Exercise prompt » Lines that include the string "Black" are the ones to copy from the entries below.

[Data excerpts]
——————————
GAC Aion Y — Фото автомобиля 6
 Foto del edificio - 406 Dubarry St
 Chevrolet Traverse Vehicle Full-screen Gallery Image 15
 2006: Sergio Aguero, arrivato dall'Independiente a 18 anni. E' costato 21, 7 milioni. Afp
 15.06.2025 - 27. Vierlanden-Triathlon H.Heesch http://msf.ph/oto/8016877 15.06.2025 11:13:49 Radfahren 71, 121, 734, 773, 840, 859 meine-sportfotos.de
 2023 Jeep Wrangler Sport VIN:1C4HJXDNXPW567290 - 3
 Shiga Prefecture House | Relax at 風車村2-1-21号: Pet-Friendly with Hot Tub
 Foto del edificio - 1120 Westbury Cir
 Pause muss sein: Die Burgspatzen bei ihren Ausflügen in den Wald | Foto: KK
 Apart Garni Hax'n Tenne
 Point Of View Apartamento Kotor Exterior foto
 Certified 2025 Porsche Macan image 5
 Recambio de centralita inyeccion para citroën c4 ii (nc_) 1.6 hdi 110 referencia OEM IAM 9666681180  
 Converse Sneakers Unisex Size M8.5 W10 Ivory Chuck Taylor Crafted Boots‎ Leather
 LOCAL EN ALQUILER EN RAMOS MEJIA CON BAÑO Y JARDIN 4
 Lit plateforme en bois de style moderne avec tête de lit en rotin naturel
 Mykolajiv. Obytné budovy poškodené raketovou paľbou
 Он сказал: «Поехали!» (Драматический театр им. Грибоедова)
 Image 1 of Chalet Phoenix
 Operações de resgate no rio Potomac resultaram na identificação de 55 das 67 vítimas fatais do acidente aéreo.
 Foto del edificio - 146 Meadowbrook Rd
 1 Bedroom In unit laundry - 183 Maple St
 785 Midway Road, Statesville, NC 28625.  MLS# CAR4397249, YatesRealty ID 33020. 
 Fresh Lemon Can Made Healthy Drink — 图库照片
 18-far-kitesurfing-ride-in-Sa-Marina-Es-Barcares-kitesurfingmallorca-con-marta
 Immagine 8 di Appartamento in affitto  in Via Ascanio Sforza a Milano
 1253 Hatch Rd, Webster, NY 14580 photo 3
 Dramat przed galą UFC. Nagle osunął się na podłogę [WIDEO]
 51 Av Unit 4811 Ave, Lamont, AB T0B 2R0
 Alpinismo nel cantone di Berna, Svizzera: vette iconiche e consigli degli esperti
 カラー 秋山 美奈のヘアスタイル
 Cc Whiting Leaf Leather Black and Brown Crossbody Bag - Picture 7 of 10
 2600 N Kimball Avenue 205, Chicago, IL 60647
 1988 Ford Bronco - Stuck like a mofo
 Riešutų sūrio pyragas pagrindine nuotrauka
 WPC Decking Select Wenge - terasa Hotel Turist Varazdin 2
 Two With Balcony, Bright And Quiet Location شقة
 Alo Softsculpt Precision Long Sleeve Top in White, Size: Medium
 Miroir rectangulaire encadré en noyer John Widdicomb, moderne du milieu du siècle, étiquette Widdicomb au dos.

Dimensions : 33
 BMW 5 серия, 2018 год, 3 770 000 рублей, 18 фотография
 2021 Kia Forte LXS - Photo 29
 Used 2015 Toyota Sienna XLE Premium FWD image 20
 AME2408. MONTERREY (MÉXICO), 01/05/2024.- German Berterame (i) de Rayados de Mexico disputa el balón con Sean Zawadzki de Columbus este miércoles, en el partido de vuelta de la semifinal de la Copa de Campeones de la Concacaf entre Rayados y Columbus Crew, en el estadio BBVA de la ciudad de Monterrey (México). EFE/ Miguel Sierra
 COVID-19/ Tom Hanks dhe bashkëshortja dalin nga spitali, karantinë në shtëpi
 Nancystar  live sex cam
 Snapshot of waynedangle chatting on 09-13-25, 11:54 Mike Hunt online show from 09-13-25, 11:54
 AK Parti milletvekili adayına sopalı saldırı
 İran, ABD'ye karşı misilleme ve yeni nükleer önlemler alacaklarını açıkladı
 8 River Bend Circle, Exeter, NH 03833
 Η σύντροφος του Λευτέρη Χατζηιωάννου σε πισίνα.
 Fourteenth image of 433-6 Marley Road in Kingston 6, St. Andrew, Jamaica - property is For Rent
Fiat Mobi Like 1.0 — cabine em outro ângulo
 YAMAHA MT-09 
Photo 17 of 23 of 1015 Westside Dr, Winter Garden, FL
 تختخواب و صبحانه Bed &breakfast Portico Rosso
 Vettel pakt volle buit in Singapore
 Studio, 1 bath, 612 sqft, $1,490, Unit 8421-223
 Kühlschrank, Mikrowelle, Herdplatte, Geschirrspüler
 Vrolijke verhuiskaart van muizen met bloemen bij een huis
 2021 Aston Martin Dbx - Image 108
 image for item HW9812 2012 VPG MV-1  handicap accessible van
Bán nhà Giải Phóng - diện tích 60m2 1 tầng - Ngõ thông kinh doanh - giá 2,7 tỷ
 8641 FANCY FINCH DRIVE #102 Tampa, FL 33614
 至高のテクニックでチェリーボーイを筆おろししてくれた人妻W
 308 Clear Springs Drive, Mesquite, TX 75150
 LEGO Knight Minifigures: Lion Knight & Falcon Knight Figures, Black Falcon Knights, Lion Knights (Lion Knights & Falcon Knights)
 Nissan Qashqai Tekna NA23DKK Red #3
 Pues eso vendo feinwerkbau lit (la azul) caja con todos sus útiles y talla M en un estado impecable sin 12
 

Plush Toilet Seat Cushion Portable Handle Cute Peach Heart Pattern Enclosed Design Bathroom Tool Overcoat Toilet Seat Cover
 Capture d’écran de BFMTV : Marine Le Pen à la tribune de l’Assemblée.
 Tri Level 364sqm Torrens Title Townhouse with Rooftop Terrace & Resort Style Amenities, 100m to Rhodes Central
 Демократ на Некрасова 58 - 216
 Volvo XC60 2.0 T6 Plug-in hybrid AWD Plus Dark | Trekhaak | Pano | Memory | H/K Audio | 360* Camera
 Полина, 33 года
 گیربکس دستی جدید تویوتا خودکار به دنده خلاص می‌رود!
——————————
Written reply »
 Cc Whiting Leaf Leather Black and Brown Crossbody Bag - Picture 7 of 10
 LEGO Knight Minifigures: Lion Knight & Falcon Knight Figures, Black Falcon Knights, Lion Knights (Lion Knights & Falcon Knights)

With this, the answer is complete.